Ça va être très difficile d’obtenir la collaboration de la population, pas parce qu’ils ne veulent pas ou ne peuvent pas parler à la police, mais ils savent que si leur nom est mentionné quelque part, ça va revenir contre leur famille en Chine.
Michel Juneau-Katsuya, ex-agent du SCRS
Il croit qu’Ottawa devrait s’inspirer des mesures comme celles mises en place en Australie (ou dans d’autres régimes juridiques similaires à celui du Canada) et permettre de déposer des accusations." C’est inévitable", dit-il.
Les relations entre Ottawa et Pékin sont au plus mal depuis quelque temps.
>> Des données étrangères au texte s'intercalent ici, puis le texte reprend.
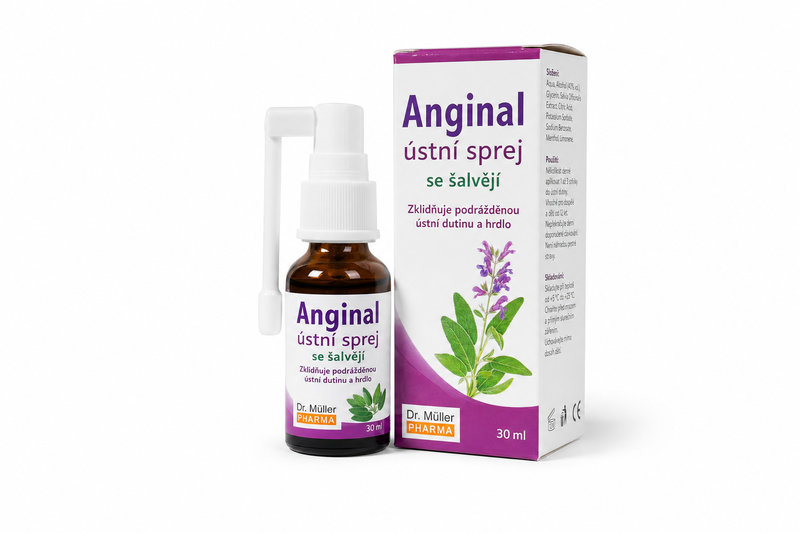 Anginal ústní sprej se šalvějí 30ml ZP Dr.Müller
Et la présence de postes de police chinois clandestins au Canada – pour laquelle l'ambassadeur Cong Peiwu a été sermonné, en décembre – n'est pas le seul dossier à pourrir les liens entre les deux capitales.
Le gouvernement Trudeau doit notamment composer ces jours-ci avec les répercussions de reportages diffusés par le Globe and Mail et le réseau Global selon lesquels le régime de Xi Jinping se serait immiscé dans le système électoral canadien.
"C'est un enjeu qui nous préoccupe énormément et ça souligne à quel point les cibles primaires de l'ingérence étrangère, ce sont justement les communautés de diaspora", a affirmé Justin Trudeau à son entrée au Conseil des ministres jeudi matin, évoquant les cas des diasporas chinoise et iranienne.
"Il faut avoir les yeux grands ouverts", a quant à lui réagi le ministre fédéral de l'Innovation, des Sciences et de l’Industrie, François-Philippe Champagne, appelant à davantage de vigilance devant l’ingérence étrangère.
Pour le chef du Bloc québécois, Yves-François Blanchet, le phénomène est très, très grave.
Il s'inquiète de la possible implication de ces soi-disant postes de police lors des derniers scrutins fédéraux, mais surtout dans les élections à venir, qui peuvent survenir à tout moment dans un contexte de gouvernement minoritaire.
M. Blanchet a réitéré la demande de sa formation politique pour la tenue d’une enquête publique et indépendante.
Mardi, le premier ministre a d'ailleurs esquivé plusieurs questions épineuses à propos de l'ingérence chinoise dans les élections fédérales.
La mairesse de Brossard estime qu'il ne faut pas faire porter le blâme aux citoyens d'origine chinoise. "Il ne faut pas les cibler. Il ne faut pas leur faire sentir qu’ils ne sont pas en sécurité", a-t-elle déclaré.